Alice Merton singles chronology
| "Hit the Ground Running" (2017) | "Lash Out" (2018) | "Why So Serious" (2018) |

Music video
- "Lash Out" on YouTube

= Lash Out =

"Lash Out" is a song by German-Canadian-English singer Alice Merton. It was released on 30 May 2018, as the second single from her debut studio album, Mint (2019).

== Production ==
Merton co-wrote the song with songwriter Dave Bassett. The song was released through Paper Plane Records and Mom + Pop Music on 30 May 2018 with a music video.
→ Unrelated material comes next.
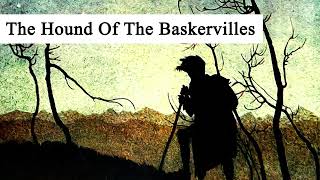 The Hound of the Baskervilles by Sir Arthur Conan Doyle [FULL Sherlock Holmes Audiobook]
The song includes a guitar-heavy track similar to Merton's other singles "No Roots" and "Hit the Ground Running". The single was included in the American re-release of Merton's EP No Roots. The music video was co-directed by Max Nadolny and Jonas Stark, with shots recorded in Berlin and South Africa.

== Charts ==
=== Weekly charts ===

| Chart (2018) | Peak position |
|---|---|
| Canada Rock (Billboard) | 22 |
| Croatia (HRT) | 65 |
| Czech Republic Modern Rock (IFPI) | 8 |
| Italy (FIMI) | 66 |
| Switzerland Airplay (Schweizer Hitparade) | 89 |
| US Hot Rock & Alternative Songs (Billboard) | 37 |
| US Rock & Alternative Airplay (Billboard) | 22 |

=== Year-end charts ===

| Chart (2018) | Position |
|---|---|
| Iceland (Plötutíóindi) | 97 |

==Certifications==

| Region | Certification | Certified units/sales |
| Italy (FIMI) | Gold | 25,000^{‡} |
^{‡} Sales+streaming figures based on certification alone.